Le houblon est un très bon antiseptique servant à la conservation de la bière. Son pourcentage d’amertume diffère en fonction des recettes, on peut obtenir ainsi une bière ayant un goût mentholé ou de pamplemousse. Il y a 200 variétés différentes de houblons.
Après avoir obtenu ce liquide bouilli (que l’ex-québécois Dan LONGVAL se plait à appeler « le bouillage »), liquide alors stérile, liquide fragile, il faut le refroidir sur un échangeur à plaques. On met alors ce bouilli dans un fermenteur et la fermentation commence. Les sucs du moult sont alors transformés en gaz carbonique et en éthanol (alcool), grâce à l’adjonction de la levure (juste après le refroidissement). Ceci est réalisé en présence d’une quantité dosée d’oxygène qui « réveille » la levure. Il existe deux types de fermentation, suivant la température :
1) La fermentation haute (à 22°C), ce qui donne les bières blanches allemandes, les bières belges et anglaises,
2) La fermentation basse (par exemple pour les bières de mars).

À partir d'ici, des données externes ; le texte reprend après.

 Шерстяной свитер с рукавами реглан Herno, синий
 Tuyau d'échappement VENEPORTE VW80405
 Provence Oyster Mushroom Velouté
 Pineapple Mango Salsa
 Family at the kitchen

On a attendu au 19ème siècle l’arrivée des compresseurs pour obtenir les basses températures. La vitesse de fermentation est très importante (de 3 à 4 jours à hautes températures, mais on dégage plus d’arômes à basse température, avec une vitesse plus lente).
La conservation de la bière : la plupart des micro-brasseries font des refermentations en bouteille, ce qui empêche le produit de s’oxyder. Dans une brasserie « industrielle » on cherche une bonne répétabilité dans le temps, on bloque alors le produit par des techniques artificielles. Le problème de l’industriel est de « cloner le goût ». Les bières filtrées pasteurisées (issues des brasseries industrielles) sont très différentes des bières non-filtrées, non-pasteurisées produites dans les micro-brasseries.Nos artisans trouvent qu’il est dommage de filtrer, cela enlève les levures contenues dans la bière, on perd ainsi des vitamines B, bonnes pour la santé (pour le bon cholestérol). Dans le houblon, il y a aussi des hormones femelles.

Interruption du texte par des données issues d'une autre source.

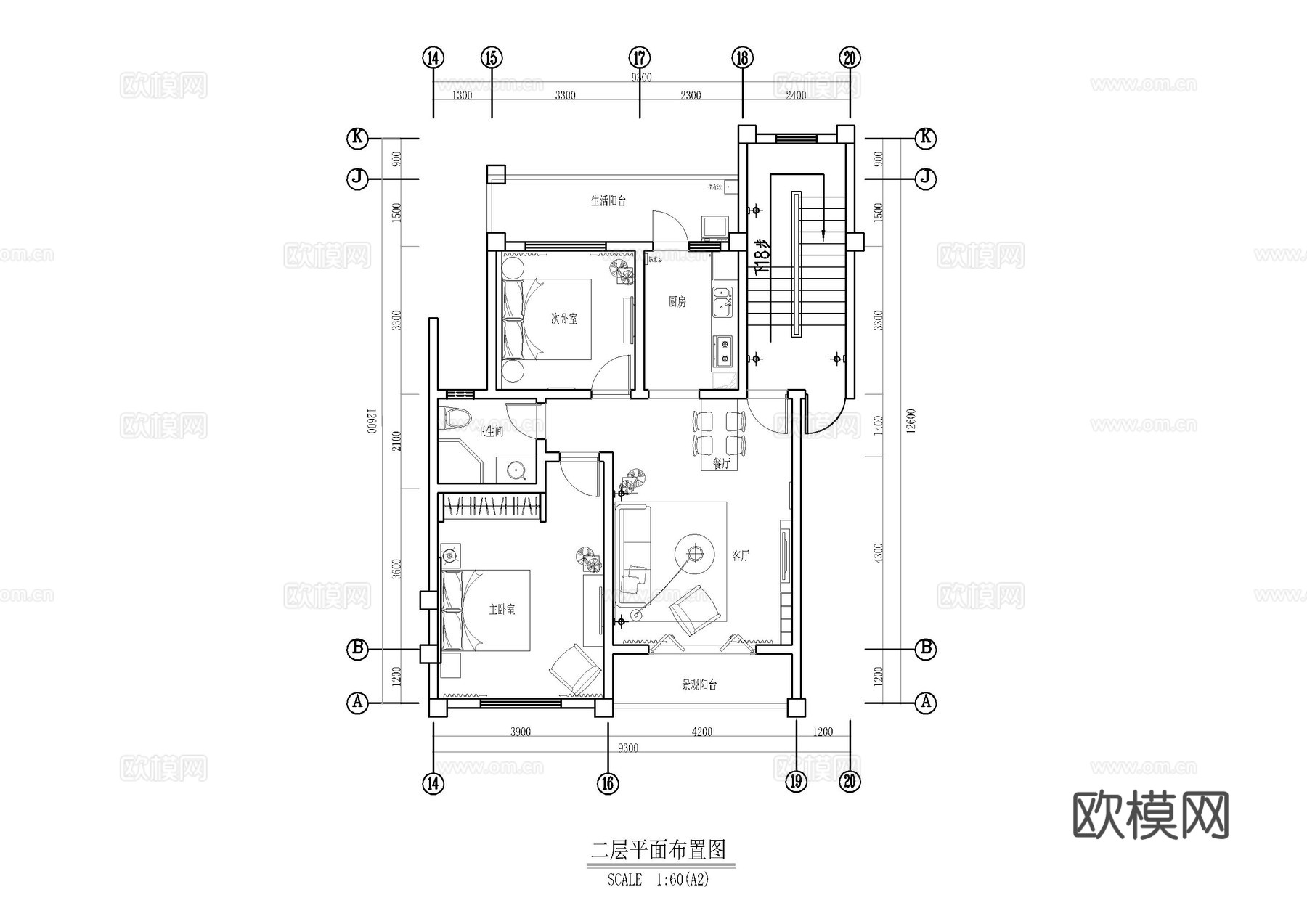 度假民宿施工图cad施工图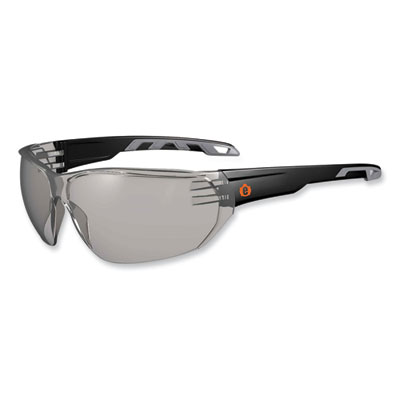 ergodyne Skullerz Vali Frameless Safety Glasses, Fog-Off Technology, Frameless, Clear Single I/O Lens (59283)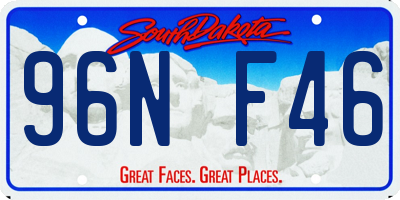 SD license plate 96NF46
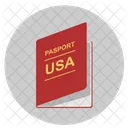 EUA Passaporte Cidadao Ícone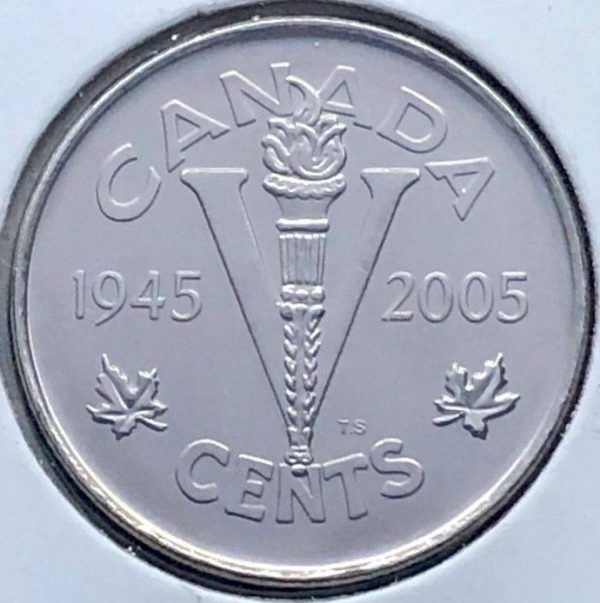 Canada - 5 Cents 2005P Victoire - B.UNC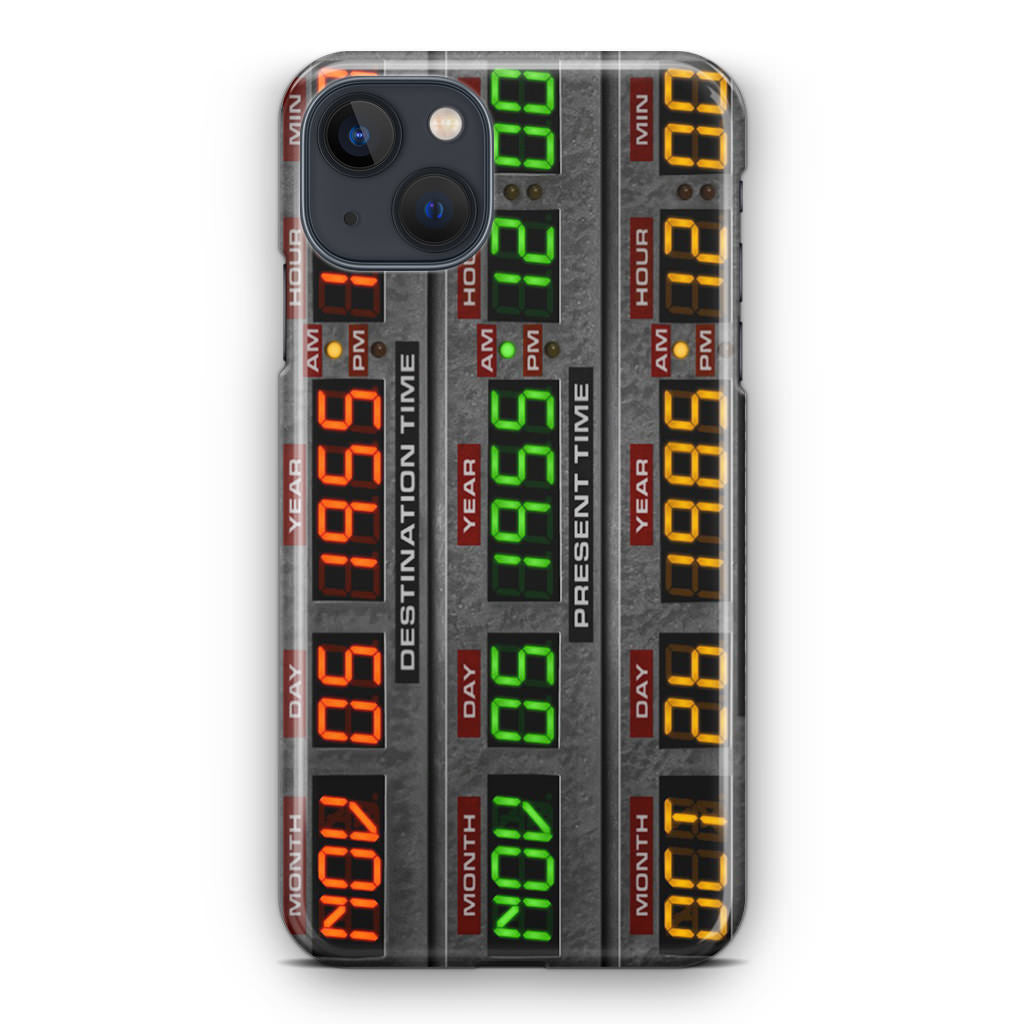 Back To The Future Time Circuits iPhone 14 / 14 Plus Case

La bière et la santé : boire chaque jour 2 à 3 verres de bière est excellent pour la santé. Ces bienfaits sont dus à l’alcool et aux composés spécifiques. Les dérivés du houblon protègent l’homme contre l’ ostéoporose et contre les maladies cardio-vasculaires. Mais il y a peu de houblon dans les bières « commerciales ». Le houblon possède aussi la propriété de faire dormir (mais il faudrait en absorber une nettement plus grande quantité que celle existant dans la bière). Le houblon est un antioxydant qui protège contre certains cancers. On étudie en ce moment dans les instituts allemands une adjonction supplémentaire de houblon (par exemple le Xantuomol qui a des propriétés antioxydantes). La bière Xan est commercialisée à Weinstefan en Bavière.
Les bienfaits liés à l’alcool contenu dans la bière (consommée en quantité modérée mais régulière) sont la diminution du mauvais cholestérol et l’augmentation du bon cholestérol, ce qui fait baisser le taux des maladies cardiovasculaires. Le bon alcool est l’éthanol, le mauvais est l’alcool à chaines plus longues, toxiques, provoquant les maux de tête.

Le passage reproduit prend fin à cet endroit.